Task objective:
Transcribe the entries exactly. Start at the top, stop after the line with "DL3359 SET 6 QUẦN CHIP CẠP CAO", and omit every picture.

Items listed in a dataset:
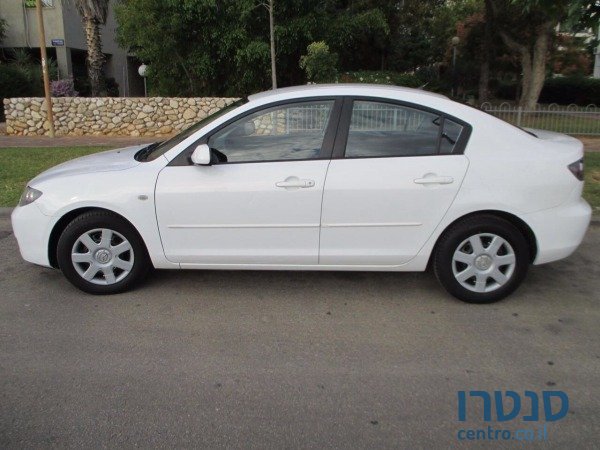 2009' Mazda 3 photo #1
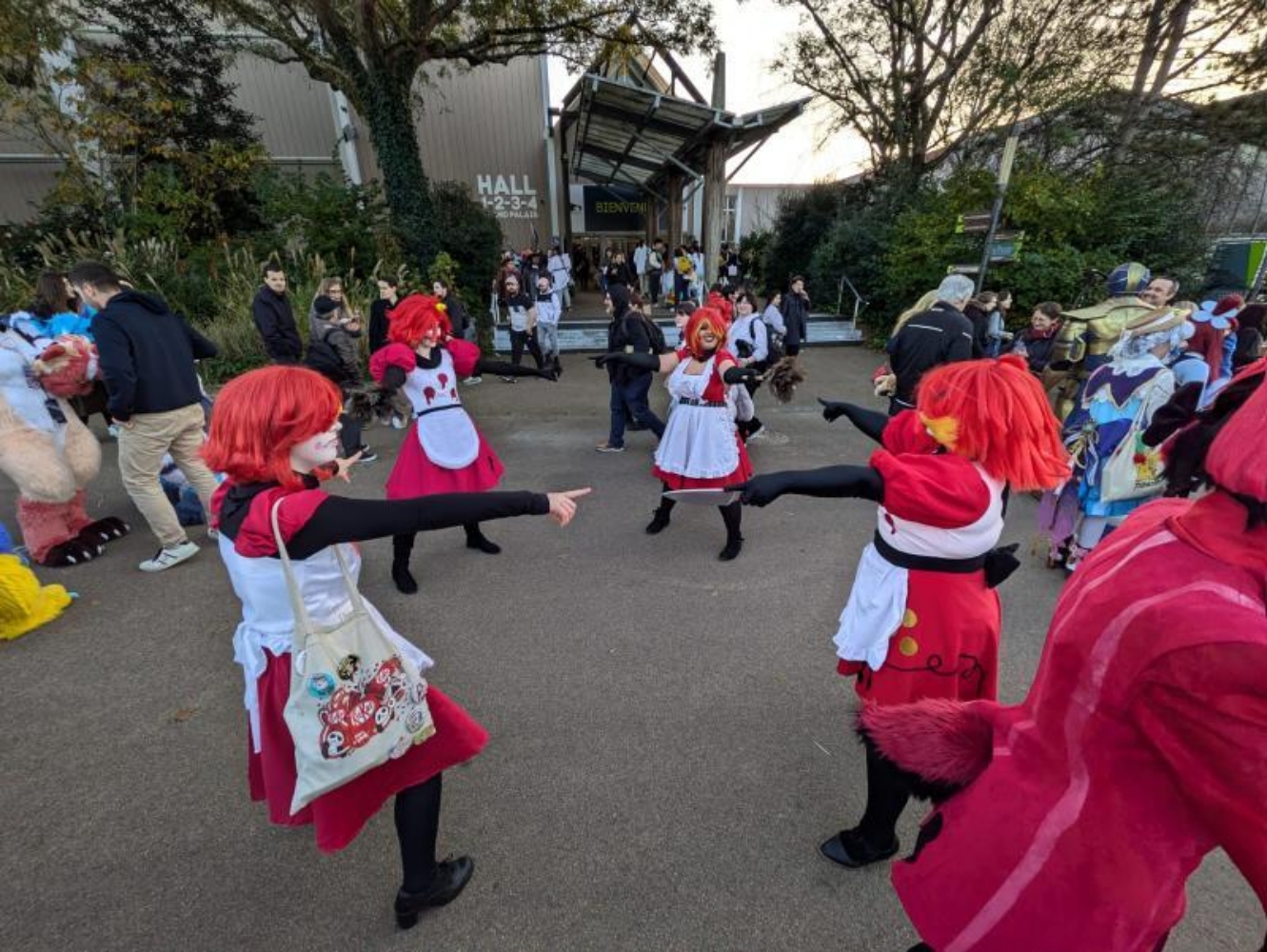 Nifty verse - Photo 1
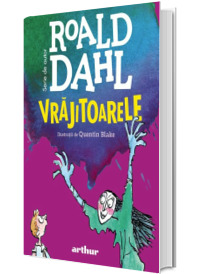 Vrajitoarele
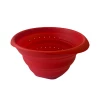 The Better House Kitchen Essentials 4 Qt. Collapsible Colander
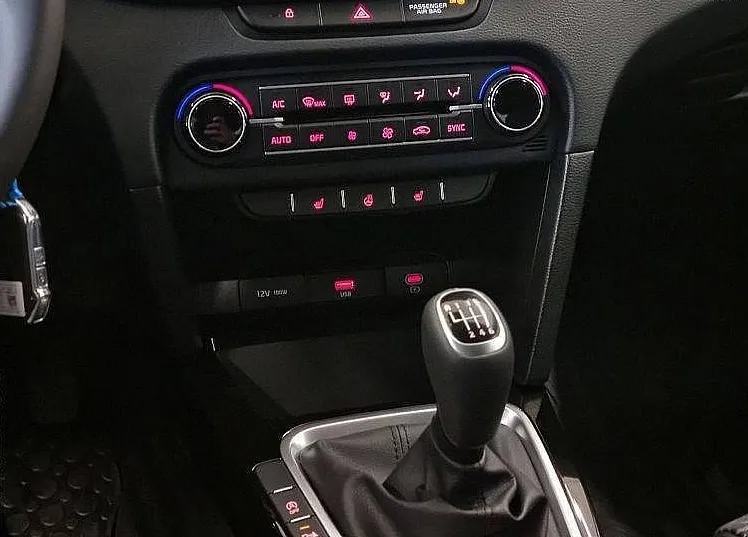 Zunanja slika - KIA XCeed - 1.5 T-GDi EX Way ISG. ODPRODAJA - 9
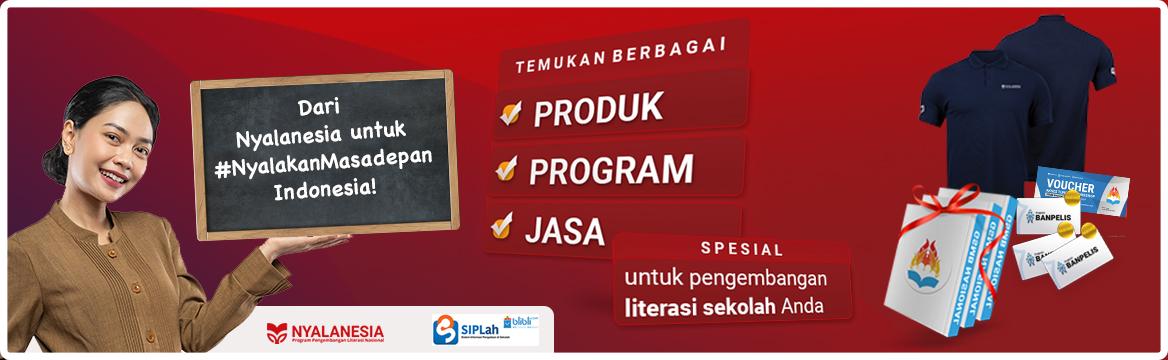 SIPLah Blibli | Belanja Online Keperluan Sekolah No.1 Di Indonesia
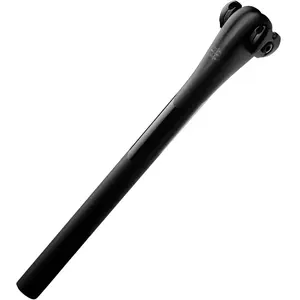 Black Inc Tige De Selle 0mm Offset 350 mmVendu parbikeinn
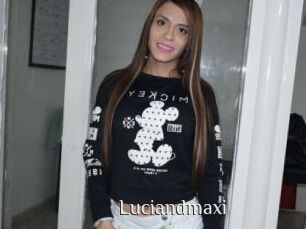 Luciandmaxi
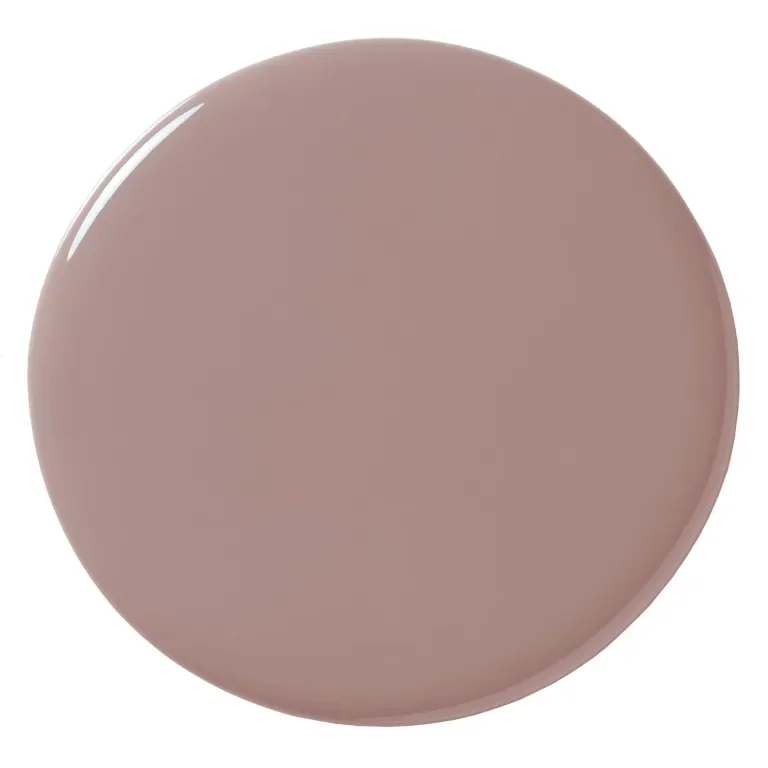 pink paint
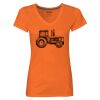 Performance® Tech Women's V-Neck T-Shirt Thumbnail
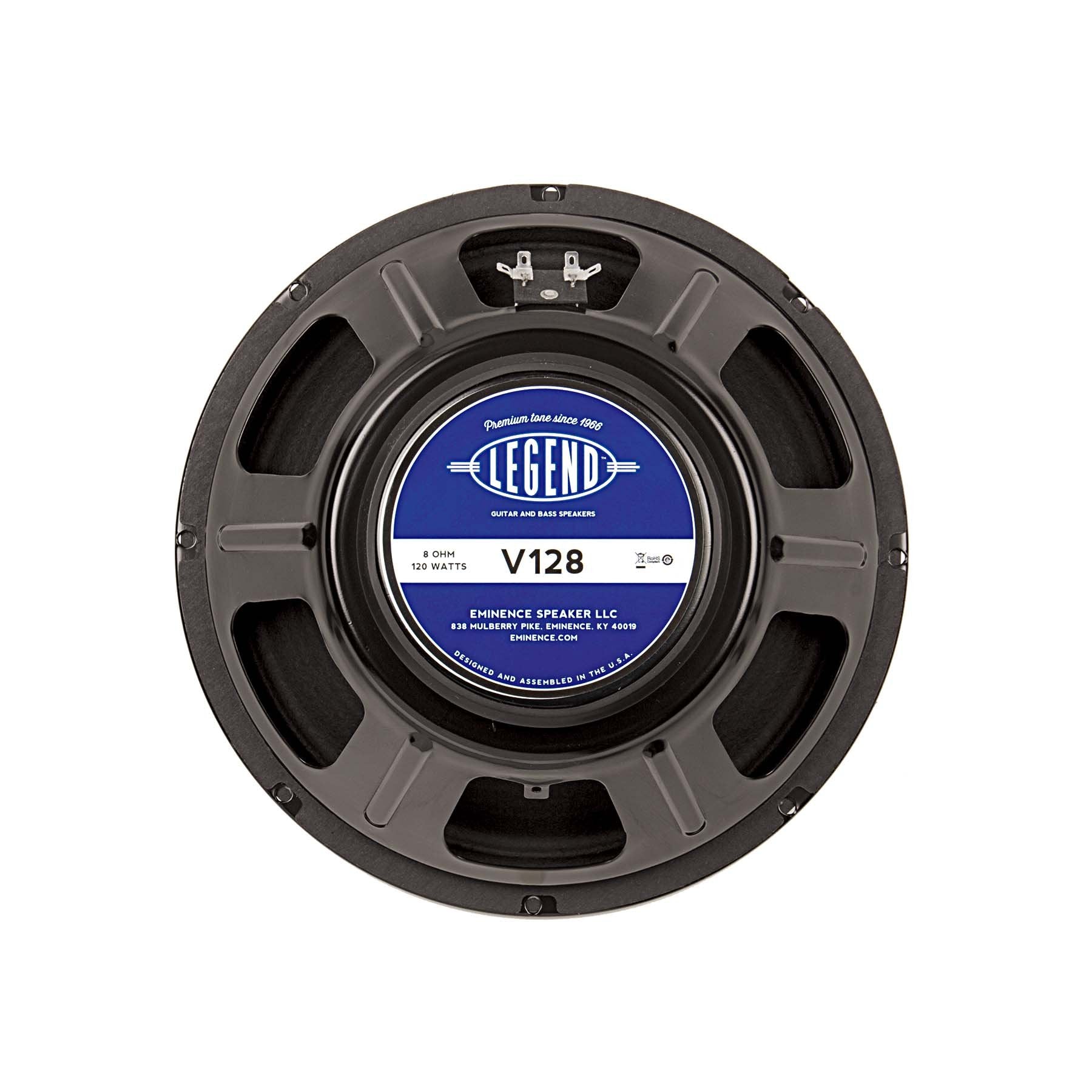 12 inch Eminence Lead / Rhythm Guitar Replacement Speaker Eminence Speaker Basket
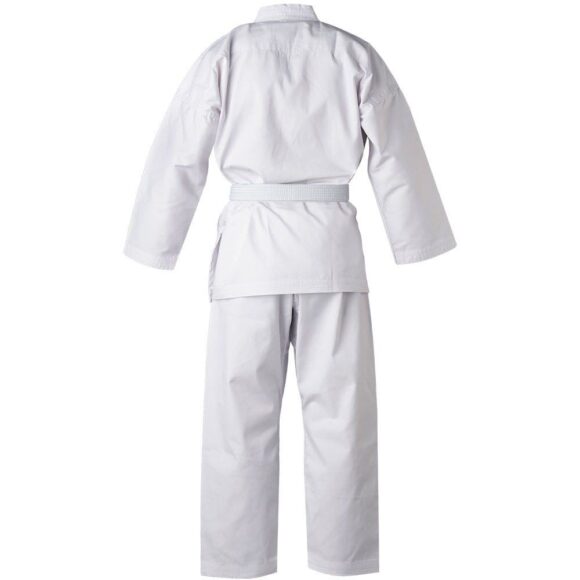 Martial Arts Uniform Kung Fu Suit New Karate Suit Heavy Weight Karate Uniform - Image 2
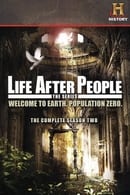 Sæson 2 - Life After People: The Series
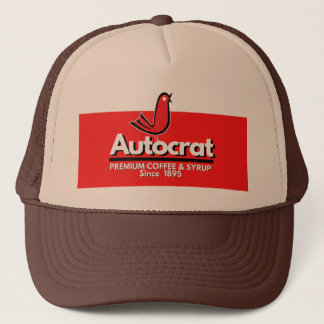 Casquette Autocrat, une hirondelle le dira !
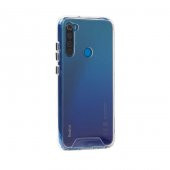Xiaomi Redmi Note 8 Kılıf Gard Silikon - 2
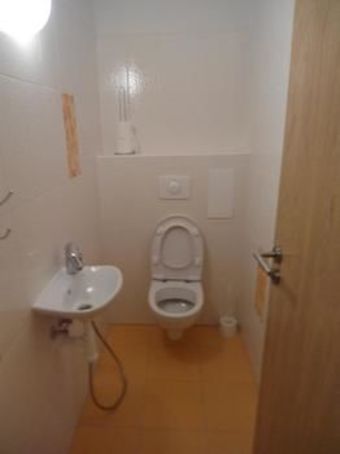 Aparthotel Rezidence Club Canada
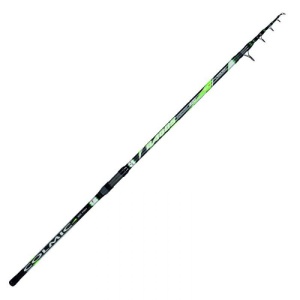 Lanseta Telescopica Colmic Dagos Siluro 4.10m 400g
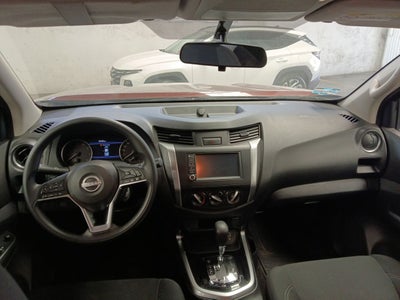 2023 Nissan FRONTIER FRONTIER  LE TA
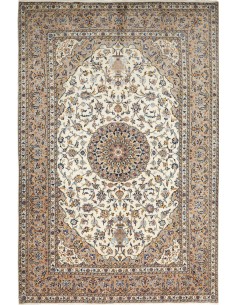 Tappeto Kashan Persia cm.202x302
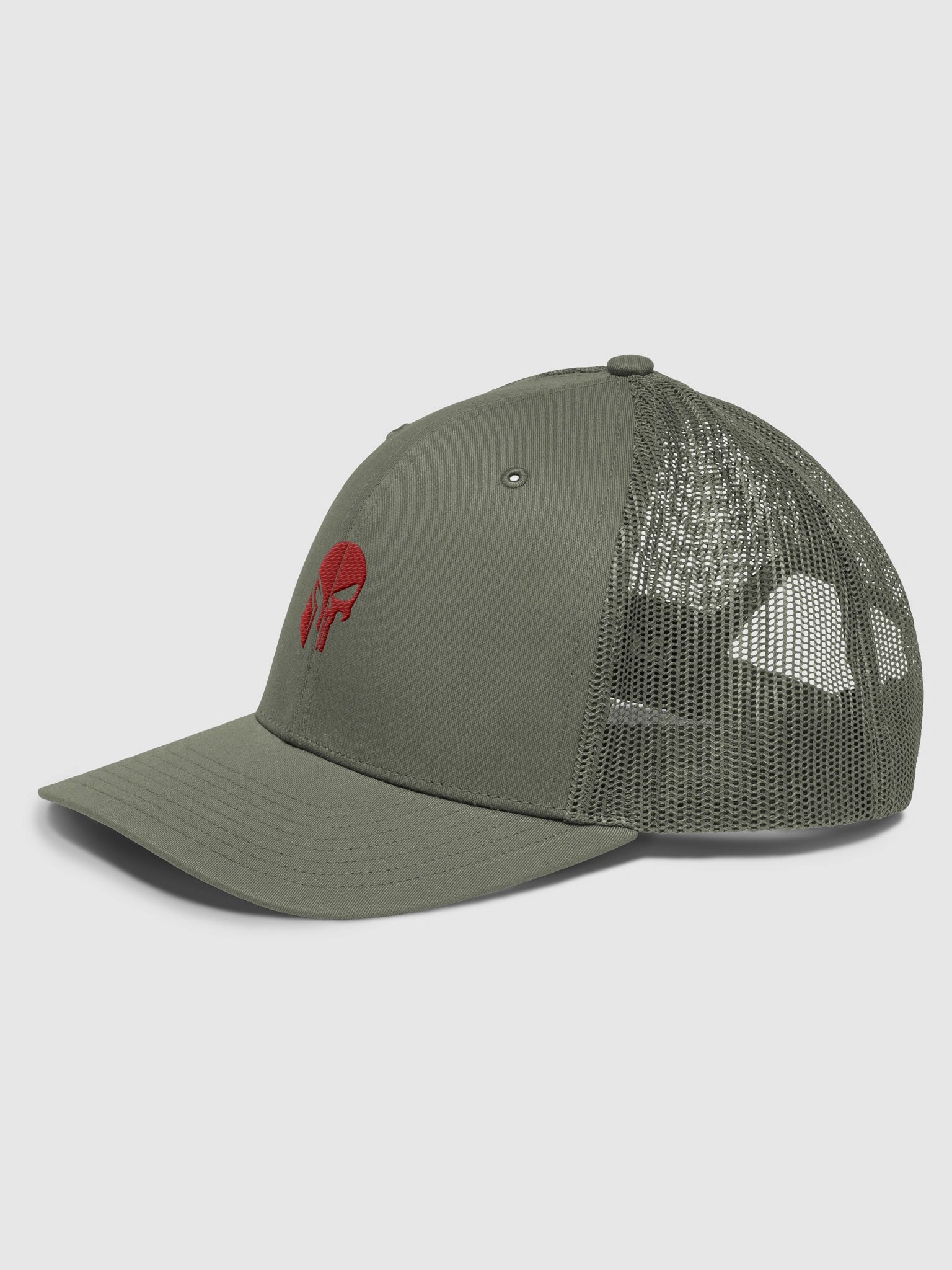 Core Trucker Hat - Loden product image (2)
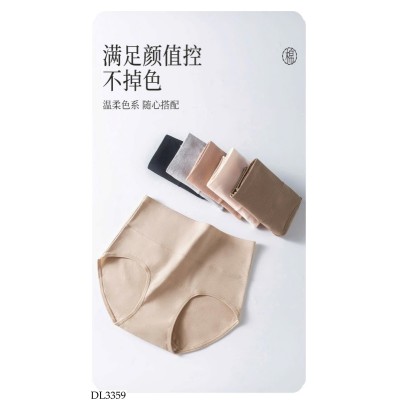 DL3359 SET 6 QUẦN CHIP CẠP CAO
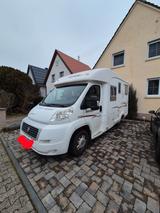 Rapido 703f - Wohnwagen & Wohnmobile in Mannheim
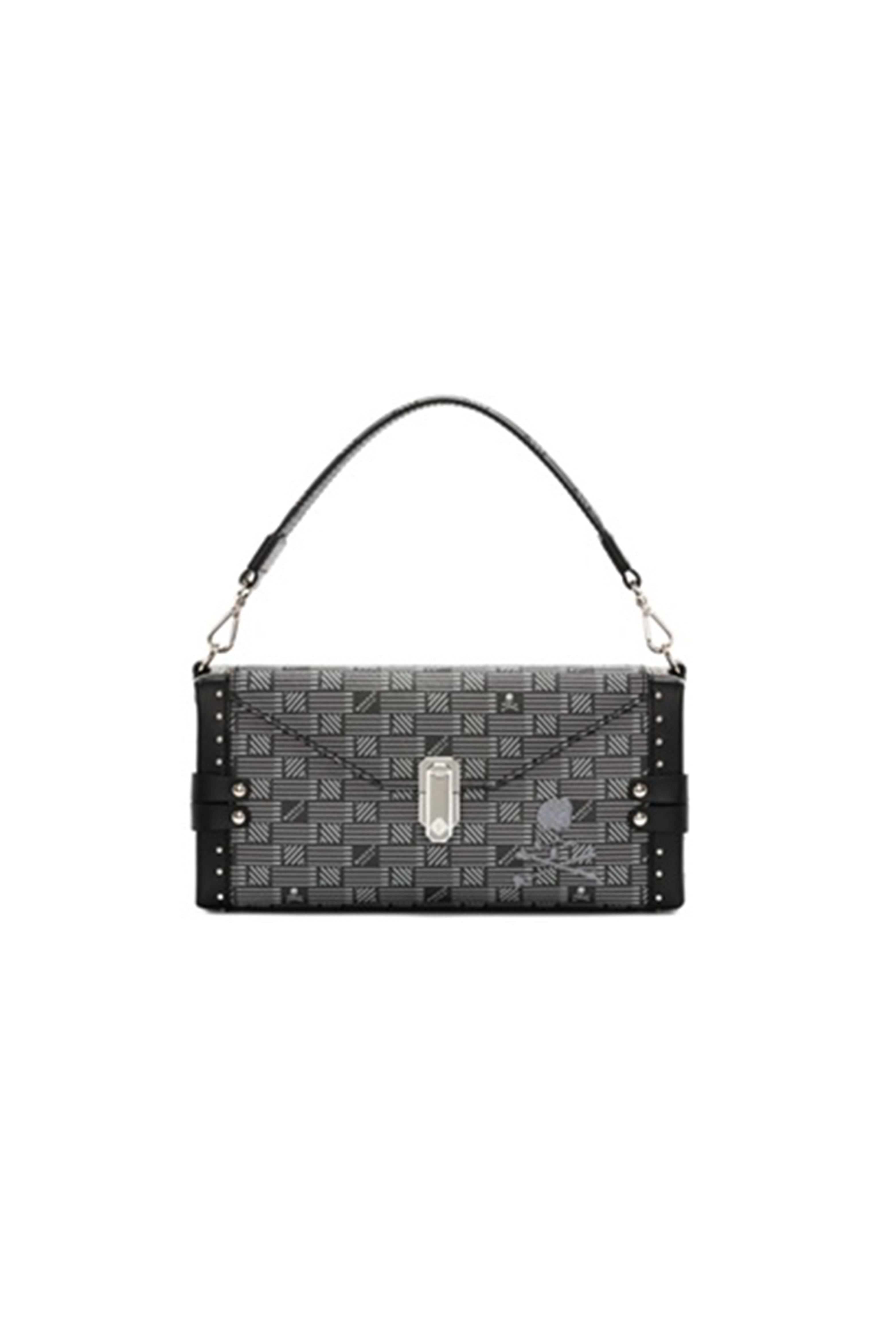 VICTORIA SOFT CLUTCH x MASTERM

Task answer:
 2009' Mazda 3 photo #1
 Nifty verse - Photo 1
 Vrajitoarele
 The Better House Kitchen Essentials 4 Qt. Collapsible Colander
 Zunanja slika - KIA XCeed - 1.5 T-GDi EX Way ISG. ODPRODAJA - 9
 SIPLah Blibli | Belanja Online Keperluan Sekolah No.1 Di Indonesia
 Black Inc Tige De Selle 0mm Offset 350 mmVendu parbikeinn
 Luciandmaxi
 pink paint
 Performance® Tech Women's V-Neck T-Shirt Thumbnail
 12 inch Eminence Lead / Rhythm Guitar Replacement Speaker Eminence Speaker Basket
 Martial Arts Uniform Kung Fu Suit New Karate Suit Heavy Weight Karate Uniform - Image 2
 Sæson 2 - Life After People: The Series
 Casquette Autocrat, une hirondelle le dira !
Xiaomi Redmi Note 8 Kılıf Gard Silikon - 2
 Aparthotel Rezidence Club Canada
 Lanseta Telescopica Colmic Dagos Siluro 4.10m 400g
 2023 Nissan FRONTIER FRONTIER  LE TA
 Tappeto Kashan Persia cm.202x302
 Core Trucker Hat - Loden product image (2)
 DL3359 SET 6 QUẦN CHIP CẠP CAO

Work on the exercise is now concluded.